Таня не могла поверить в такую редкую журналистскую удачу. Таясь, будто делала что-то постыдное, она нажала на кнопку записи и протянула диктофон к решетке. Клим вошел в раж. Он вдохновенно рассказывал о том, как трусливые негодяи исписали весь его подъезд похабными фразами, среди которых самой безобидной была «Убирайся вон, гадкий спидоносец!»; как отвернулись от него все его друзья и знакомые; как продавщицы в магазине отказывались отпускать ему товар, чтобы не брать из его рук деньги; как о его болезни пронюхали в институте, и недобрые студенты очертили его стол кругом, да еще присыпали его хлоркой; как лечащий врач отказался делать ему уколы и сказал: «Всё равно скоро подохнешь, зачем зря дорогие лекарства переводить?» Таня сначала плакала тайком, потом перестала скрывать слезы, и они текли ручьями по ее загорелым щекам. Вот оно, вот оно, пронзительное острие жизни! Столько лет Таня проработала в газете, но только сейчас поняла, что писала она вовсе не о том, о чем надо было писать. Кому нужны были ее скучные рассказы об уборке сена? Зачем она переводила бумагу на очерки о доярках и комбайнерах? Героями ее прежних опусов были здоровые и, в общем-то, счастливые люди.
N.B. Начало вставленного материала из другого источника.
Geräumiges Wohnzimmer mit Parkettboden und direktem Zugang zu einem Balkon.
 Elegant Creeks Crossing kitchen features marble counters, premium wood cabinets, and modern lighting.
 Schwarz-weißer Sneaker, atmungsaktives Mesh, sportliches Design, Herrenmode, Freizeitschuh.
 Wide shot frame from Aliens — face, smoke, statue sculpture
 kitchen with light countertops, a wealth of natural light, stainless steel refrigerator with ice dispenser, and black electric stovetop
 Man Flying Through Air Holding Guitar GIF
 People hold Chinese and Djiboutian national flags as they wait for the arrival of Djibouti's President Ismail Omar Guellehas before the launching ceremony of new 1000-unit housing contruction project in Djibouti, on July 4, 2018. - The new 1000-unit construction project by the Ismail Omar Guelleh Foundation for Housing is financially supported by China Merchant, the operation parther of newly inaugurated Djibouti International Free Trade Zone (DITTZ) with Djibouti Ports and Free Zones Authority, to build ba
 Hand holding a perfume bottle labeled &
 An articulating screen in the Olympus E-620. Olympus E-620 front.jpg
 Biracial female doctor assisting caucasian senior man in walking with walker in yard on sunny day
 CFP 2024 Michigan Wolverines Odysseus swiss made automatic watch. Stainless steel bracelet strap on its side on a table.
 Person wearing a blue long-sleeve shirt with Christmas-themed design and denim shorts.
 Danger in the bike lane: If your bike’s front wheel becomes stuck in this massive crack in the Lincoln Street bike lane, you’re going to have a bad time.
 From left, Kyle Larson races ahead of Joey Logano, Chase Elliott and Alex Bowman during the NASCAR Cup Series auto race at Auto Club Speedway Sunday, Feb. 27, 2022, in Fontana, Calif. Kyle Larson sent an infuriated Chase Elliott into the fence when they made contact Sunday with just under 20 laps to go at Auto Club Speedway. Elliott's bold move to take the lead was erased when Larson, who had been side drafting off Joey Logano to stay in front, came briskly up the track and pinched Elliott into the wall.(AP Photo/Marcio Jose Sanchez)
Непозволительно счастливые, вызывающе счастливые, преступно счастливые, если сравнивать их с Климом Нелиповым. «Теперь моими героями станут другие люди! – глотая слезы, думала Таня. – И на сколько меня хватит, я буду пропускать чужую боль и страдания через свое сердце!»
– А сюда я приехал для того, чтобы закончить свой последний, итоговый, завершающий роман, – говорил Клим. – Ведь я писатель.
– Писатель? – изумилась Таня и посмотрела на Клима с благоговением. Ей даже в голову не могло прийти, что она разговаривает с такой яркой одаренной личностью. – И что… вы уже давно пишете?
– С прошлого года. А до этого у меня вообще не было никакой тяги к литературе. Но однажды я попал под сильную грозу и укрылся от дождя под деревом. И в это дерево неожиданно ударила молния. Я потерял сознание. Лежу я на траве и слышу какой-то странный голос, идущий как бы из самого меня: «Ты будешь писателем! Встань – и пиши!» Не помню, как я добрался до дома. Дня три я провалялся в постели, меня лихорадило. А потом всё как рукой сняло. И я почувствовал неудержимую тягу к писательскому труду. Купил в магазине дюжину карандашей (а пишу я только карандашом), пачку бумаги и засел за работу. За шесть месяцев я написал шесть романов. Да вы наверняка читали их!
– Наверняка, – стыдясь своей интеллектуальной ущербности, скомкано ответила Таня. – Но в нашем поселке с книгами трудно. А в библиотеке только старые издания.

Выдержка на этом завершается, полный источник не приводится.